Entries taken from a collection
▬▬▬▬▬▬▬▬▬▬
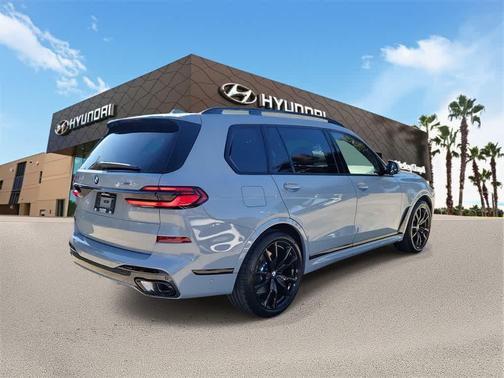 2025 BMW X7 xDrive40i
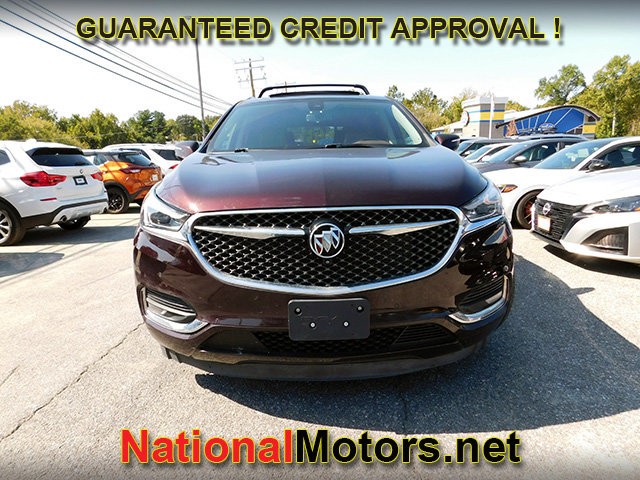 Buick Enclave Vehicle Full-screen Gallery Image 03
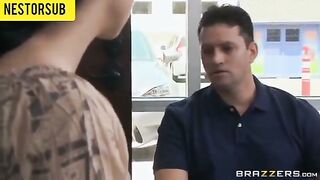 Rachael starr atendiendo el marido de la clienta sub español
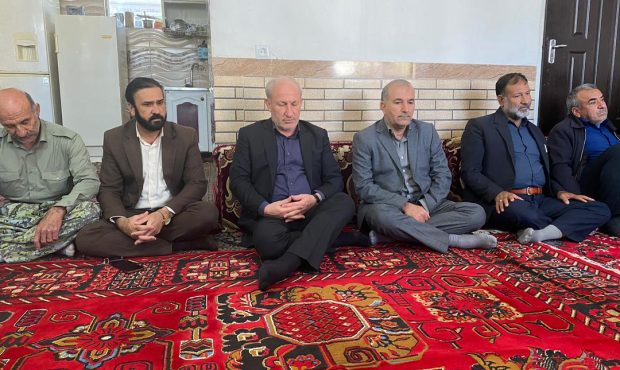بازدید نماینده مردم استان در مجلس شورای اسلامی و مدیرعامل آبفای استان از روستاهای نادرآباد و چشمه پهن شهرستان ملکشاهی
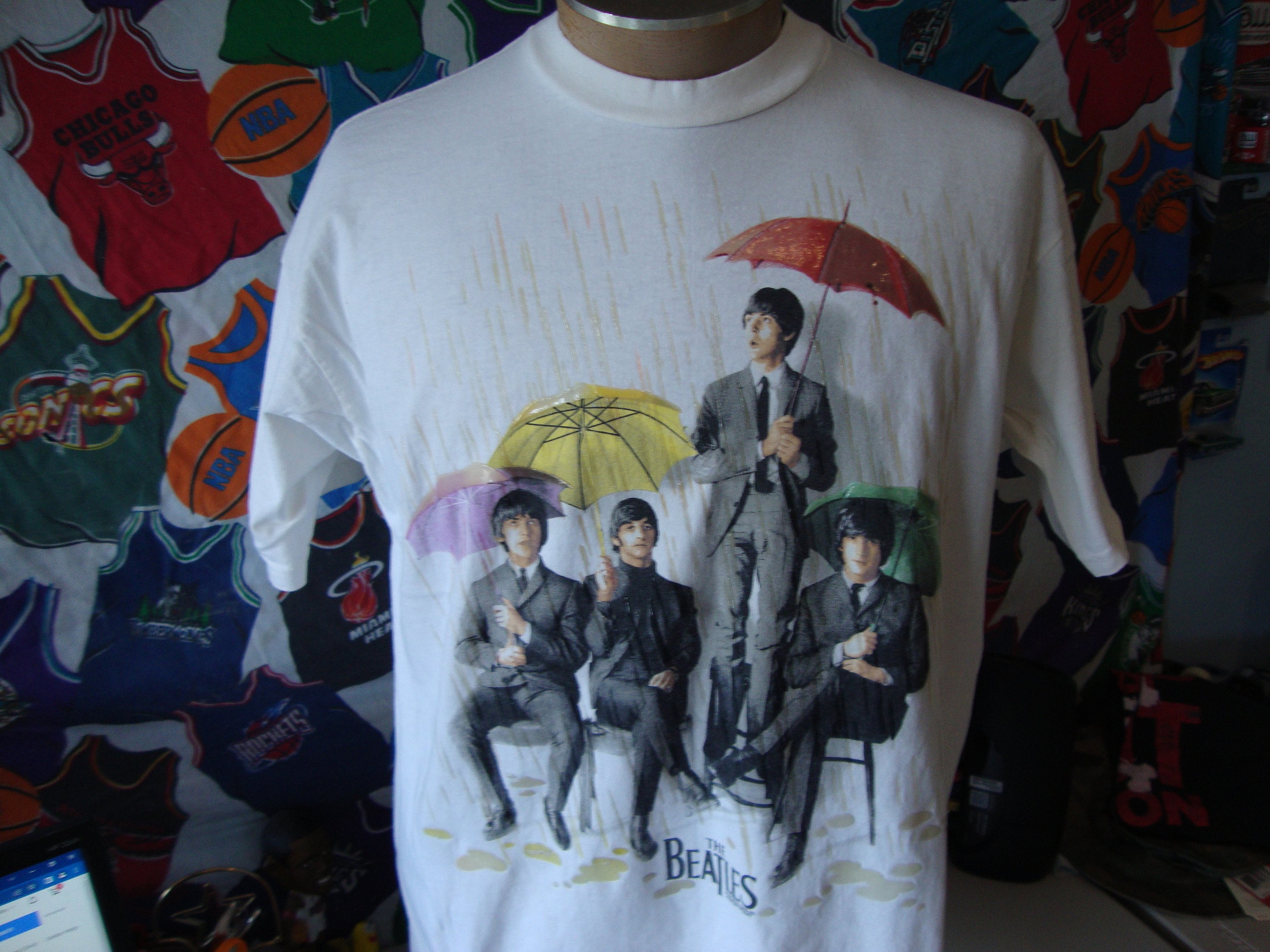 Vintage 90's the Beatles 1999 Umbrellas Tee White T Shirt L - Etsy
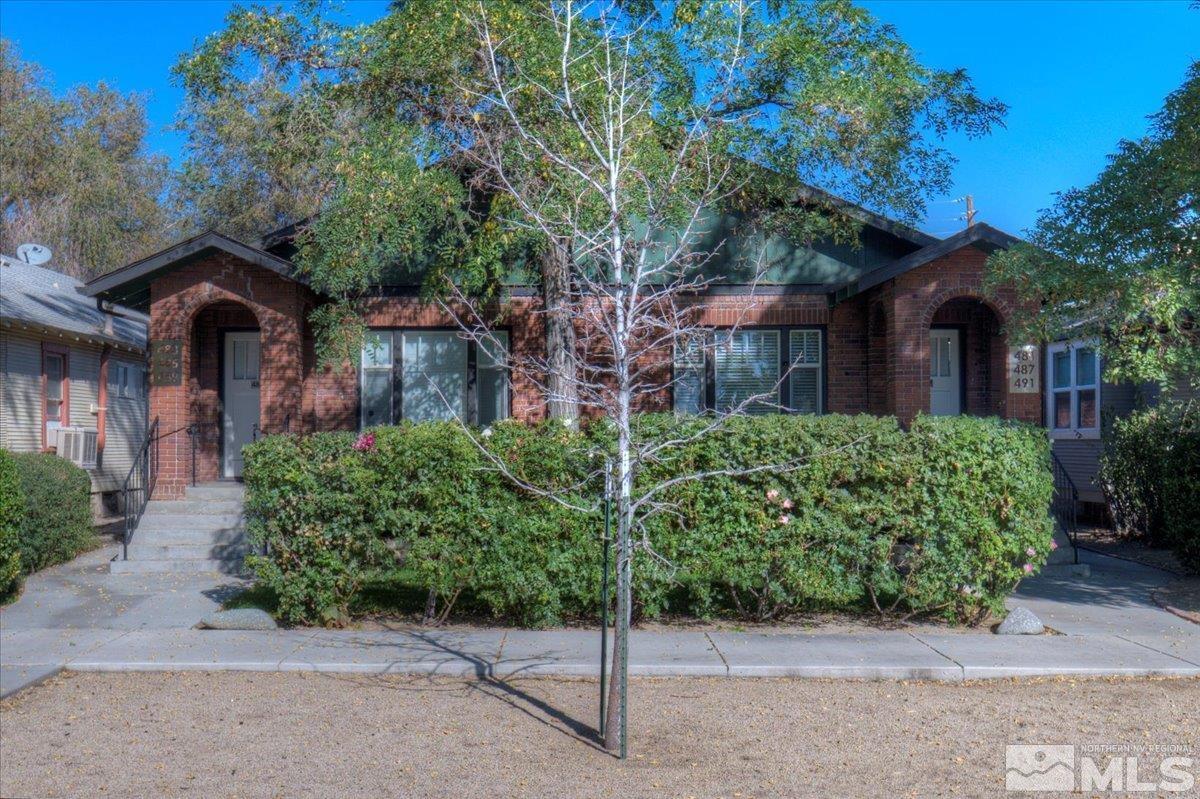 485 East 7th Street Reno, NV 89512 - Photo 2 of 31 front view of a house with a garden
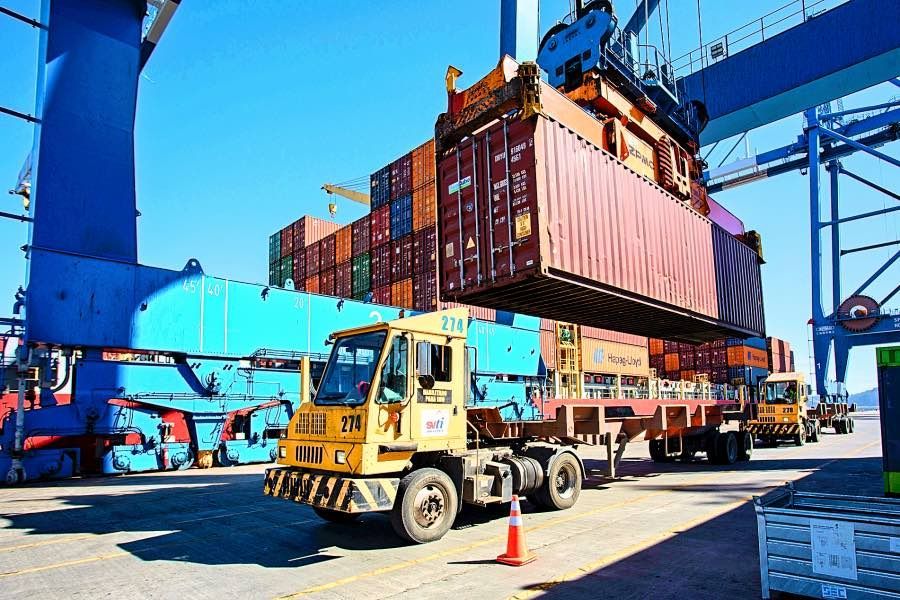 SVTI lanza nuevo sistema de enrolamiento para potenciar seguridad en el terminal. buff.ly/3Ow6JAG <a href="/ptostalcahuano/">Puertos de Talcahuano</a> <a href="/directemar/">Diego Galván</a> <a href="/aduanacl/">Aduanas de Chile</a> #Svti #PuertosdeTalcahuano #SeguridadPortuaria #PuertodeSanVicente  #Directemar#NuevoSistemadeEnrolamiento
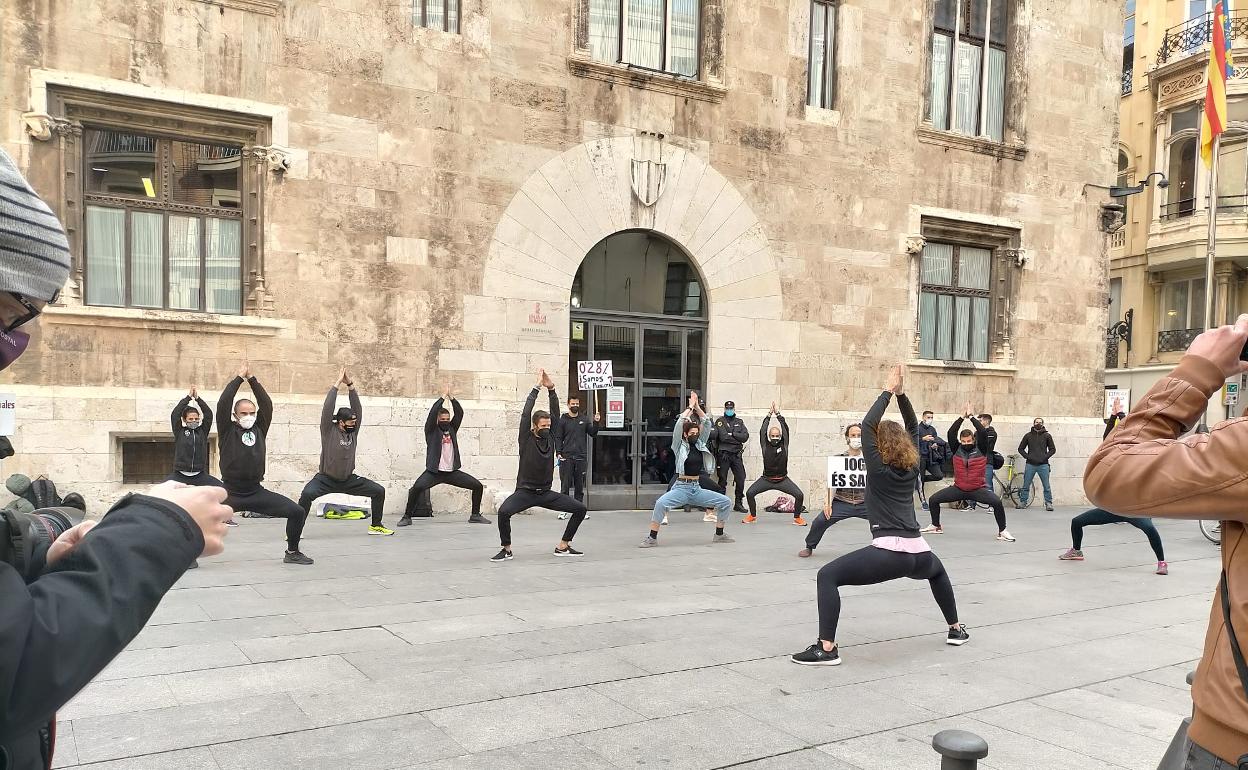 Propietarios de centros de entrenamiento y entrenadores se manifiestan frente al Palau por el cierre de gimnasios. 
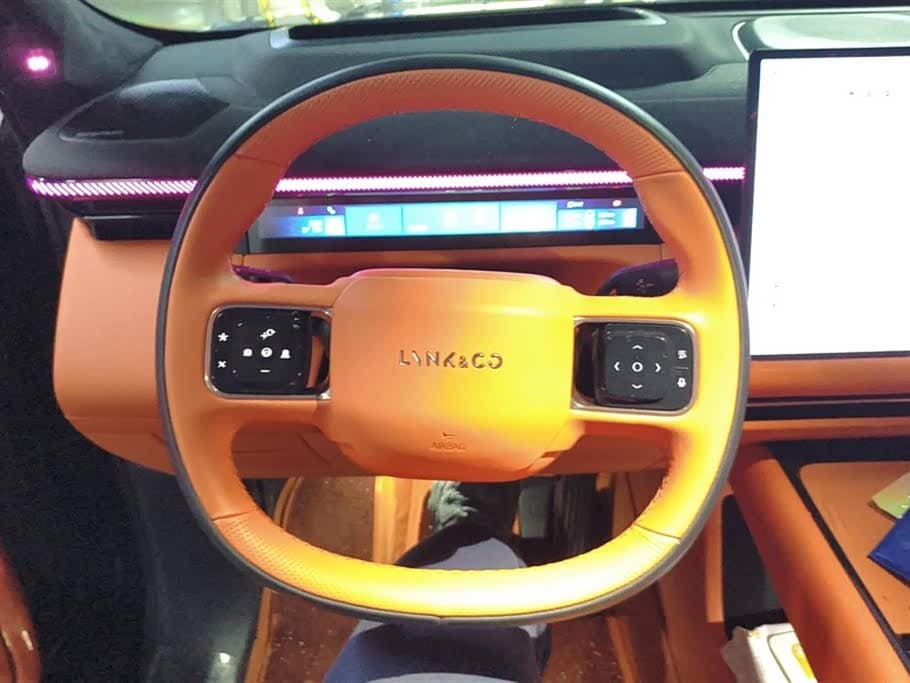 2025 Lynk & Co 900 Black, 19,400 km, China export – photo 15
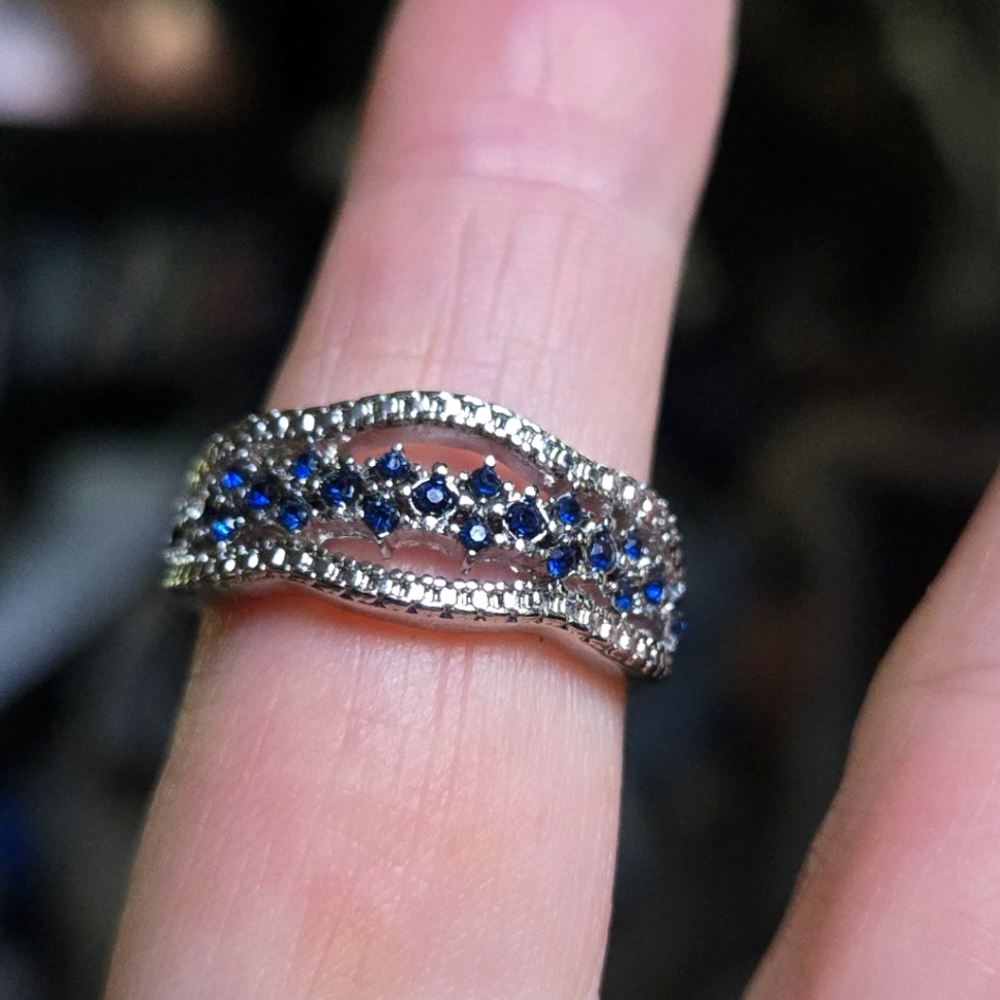 HOST PICK! Sapphire Natural & Sterling Wreath Ring Sz8.5 - Picture 1 of 6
▬▬▬▬▬▬▬▬▬▬
== Task requirements ==
Only the line with "بازدید نماینده مردم" and those preceding it, back to the first line of the entries, should be repeated exactly, without pictures.

== Your solution ==
 2025 BMW X7 xDrive40i
 Buick Enclave Vehicle Full-screen Gallery Image 03
 Rachael starr atendiendo el marido de la clienta sub español
بازدید نماینده مردم استان در مجلس شورای اسلامی و مدیرعامل آبفای استان از روستاهای نادرآباد و چشمه پهن شهرستان ملکشاهی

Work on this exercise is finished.